La tâche des experts, des juristes par exemple, sera de donner un habillage juridique à cette volonté populaire. Ce ne seront plus les experts qui vont inventer une Constitution, la plupart du temps importée. Les juristes auront pour tâche de traduire en actes juridiques la volonté populaire exprimée au cours des assises nationales. Il faut laisser les Maliens s’exprimer librement. Ce doit être un débat entre Maliens, il n’y aura pas d’étrangers.
Compte tenu des échéances à venir, aurons-nous le temps de tenir ce dialogue ?
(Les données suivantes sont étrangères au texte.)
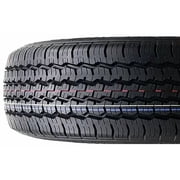 Cosmo 2 Cosmo EL Jefe HT 215/70R16 100H Tires, All Season, 55000 Treadwear Warranty I-0086365 / 215/70/16 / 2157016 Simolary simolary.com 10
Il faut mettre une croix sur le projet de révision constitutionnelle et sur la prolongation du mandat des députés, parce que de nouvelles instances doivent sortir de ce dialogue national. Ce sont des questions qui vont être réglées, parce qu’une nouvelle Constitution sera définie et qu’un nouveau processus électoral sera lancé. Ses bases seront définies et une nouvelle représentation verra le jour à l’issue des assises. C’est un nouveau Mali, dans tous ses aspects, qui va être défini.
Un nouveau Mali ?
Une nouvelle république. Maintenant pour aller à cette nouvelle république au sortir des assises nationales, nous pouvons mettre en place une transition qui va exclure tous les acteurs actuels. Un organe intérimaire qui va piloter tout cela pour aller vers un Mali nouveau, c’est possible. Ce schéma ne conviendra pas aux partis. S’ils parlent d’une transition , ils vont parler de gouvernement d’union nationale mais cela ne va pas résoudre les problèmes du pays. C’est un mauvais schéma.
Mais cela ne peut se faire qu’avec une véritable mobilisation populaire. Il faut que les gens se mobilisent pour réclamer quelque chose de radicalement nouveau. C’est cette pression qui peut mettre hors-jeu les forces politiques actuelles.